Flu vaccination could save your life, says GP leader
12 September 2018
A GP leader in Devon is urging people to have a potentially life-saving free flu vaccination at their doctor’s surgery.
Flu is a highly contagious virus which anyone can catch, so people are encouraged to get protected and have the vaccination, which will soon be available in local GP practices.
Some groups – including pregnant women, young children aged two to four, carers, those with long-term health conditions like heart disease or breathing problems, and over 65s – are more susceptible to flu and its effects, so it is particularly important that they are vaccinated. They can have the vaccine free of charge.
This year’s national flu programme includes a newly-available and more effective vaccine for those aged 65 and over which has the potential to prevent deaths and significantly reduce the burden on the NHS.
Dr Bruce Hughes, Chair of Devon Local Medical Committee, which represents and supports GPs in the county, said: “People should not underestimate the effects of seasonal flu – it is unpleasant at best and a potential killer at worst.
“The vaccination is the first line of defence, so I’d strongly advise people to take action and have it at their local GP practice early, before flu starts to circulate in the community as it gets colder and winter takes hold.

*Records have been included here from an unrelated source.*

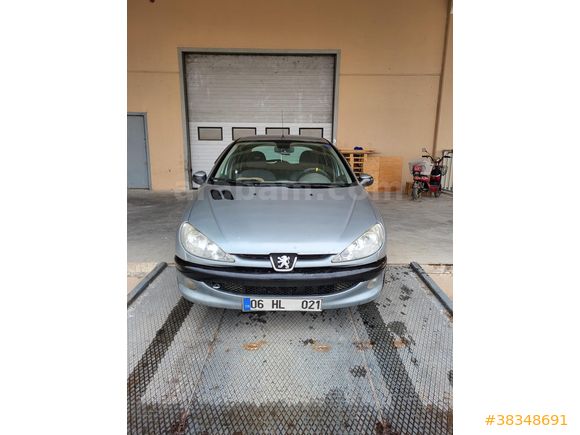 Sahibinden Peugeot 206 1.4 Color Line 2002 Model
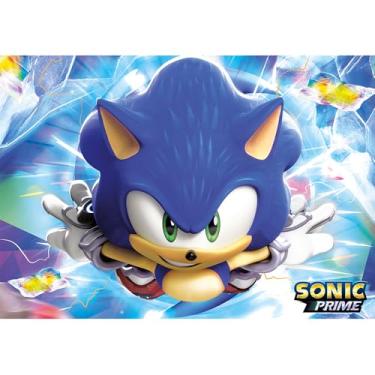 Imagem de KIT DECORATIVO SONIC PRIME 01 un.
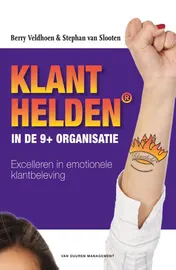Omslag van Klanthelden in de 9 + organisatie
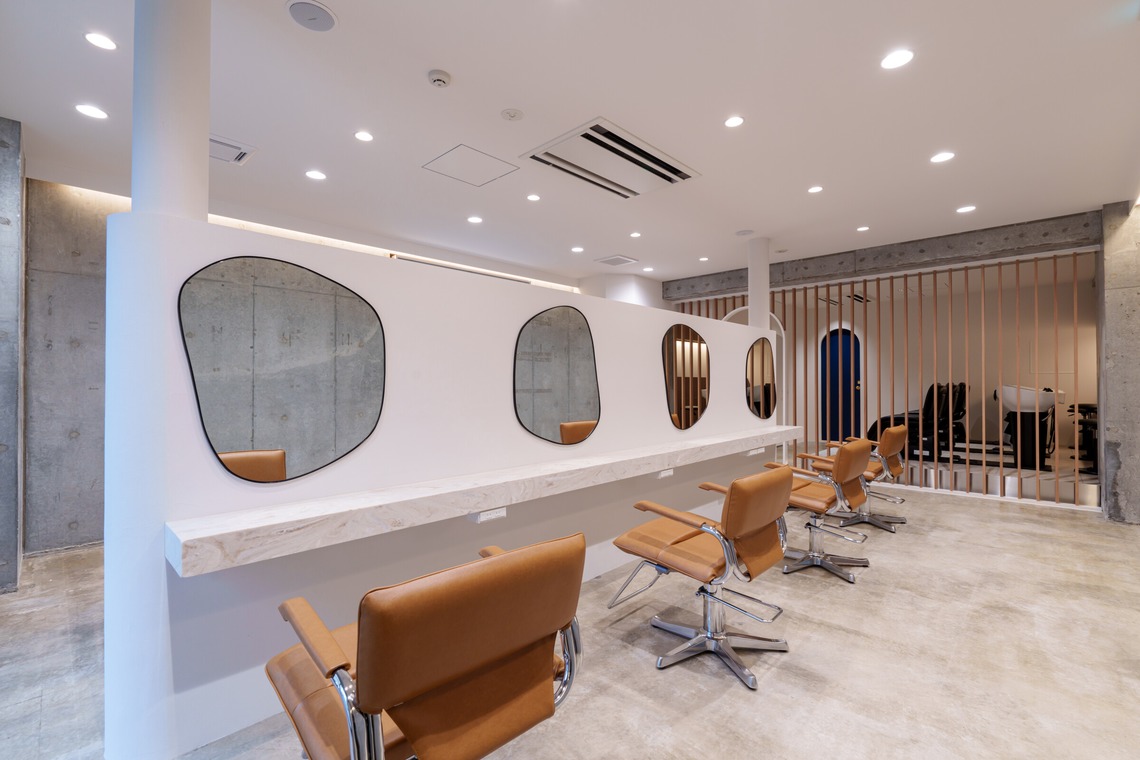 萩原　蔵志が撮影した「美容室店舗」の写真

“Flu viruses are constantly changing, so people need to be vaccinated every year to protect themselves, their families and the wider community. It is free for eligible groups, painless and quick – only taking a few minutes out of your day compared to the weeks you could be left feeling lousy and debilitated if you don’t have the vaccine and get flu.
“Having your flu jab at your GP practice is the safest way to have the vaccination administered as it offers a personalised service with access to patient medical records, fully trained medical staff on site and full registration with the Care Quality Commission regulator.”
Dr Hughes, a GP partner at Fremington Medical Centre, near Barnstaple, added: “Every year local GPs see many cases of people suffering from flu over the winter months that could have been prevented by having the vaccine.
“Studies have shown that the flu jab does work and will help prevent you getting the flu. It won’t stop all flu viruses and the level of protection may vary between people, so it’s not a 100% guarantee that you’ll be flu-free, but even if you do get flu after vaccination it’s likely to be milder and shorter-lived than it would otherwise have been. The flu vaccines used in the national programme also have a good safety record.”
People should speak to their GP practice about how to access the vaccine there. Some surgeries will be offering dedicated flu clinics.
The vaccine is administered by either a GP or practice nurse at the surgery, who can also offer aftercare, where necessary. Young children are vaccinated via a nasal spray – everyone else receives a quick injection. Vaccinating children has a double benefit: as well as protecting them from flu, it also protects others, such as grandparents and siblings, as children are much more likely to infect others.
Expectant mums should have the vaccine whatever stage of pregnancy they are in. Those who are pregnant could become very ill if they get flu, which could also be bad for their baby. Having the vaccine can also protect their baby against flu after they’re born and during the early months of life. Your GP or midwife will advise you.
Flu symptoms come on very quickly and can include a fever, chills, cough, headache, aches and pains in the joints and muscles, and extreme tiredness.
People who are otherwise fit and healthy usually don’t need to see a doctor if they have flu-like symptoms and should self-care. At risk groups who display flu-like symptoms may wish to consider calling NHS 111 or their GP.